* **Data under study**:
□ □ □ □
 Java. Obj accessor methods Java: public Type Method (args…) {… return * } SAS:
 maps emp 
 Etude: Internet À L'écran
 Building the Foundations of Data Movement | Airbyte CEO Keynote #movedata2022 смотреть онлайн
□ □ □ □
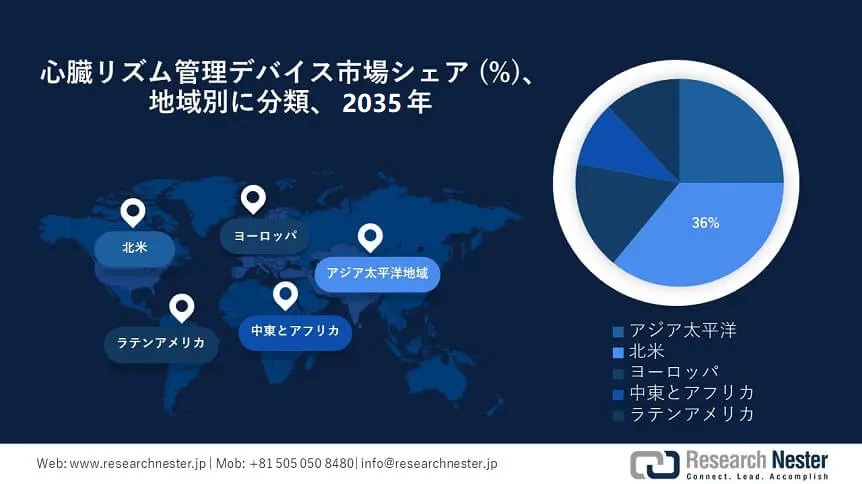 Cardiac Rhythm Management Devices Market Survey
□ □ □ □
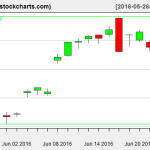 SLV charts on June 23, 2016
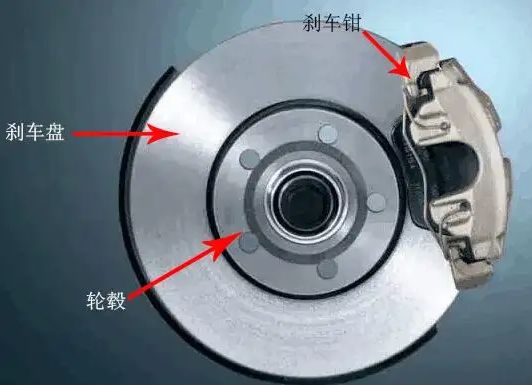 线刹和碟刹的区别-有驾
□ □ □ □
* **Exercise objective**: Working from the records above, write out verbatim only the lines from the line containing "Etude: Internet À L'écran" through the line containing "Building the Foundations".

* **Response area**:
 Etude: Internet À L'écran
 Building the Foundations of Data Movement | Airbyte CEO Keynote #movedata2022 смотреть онлайн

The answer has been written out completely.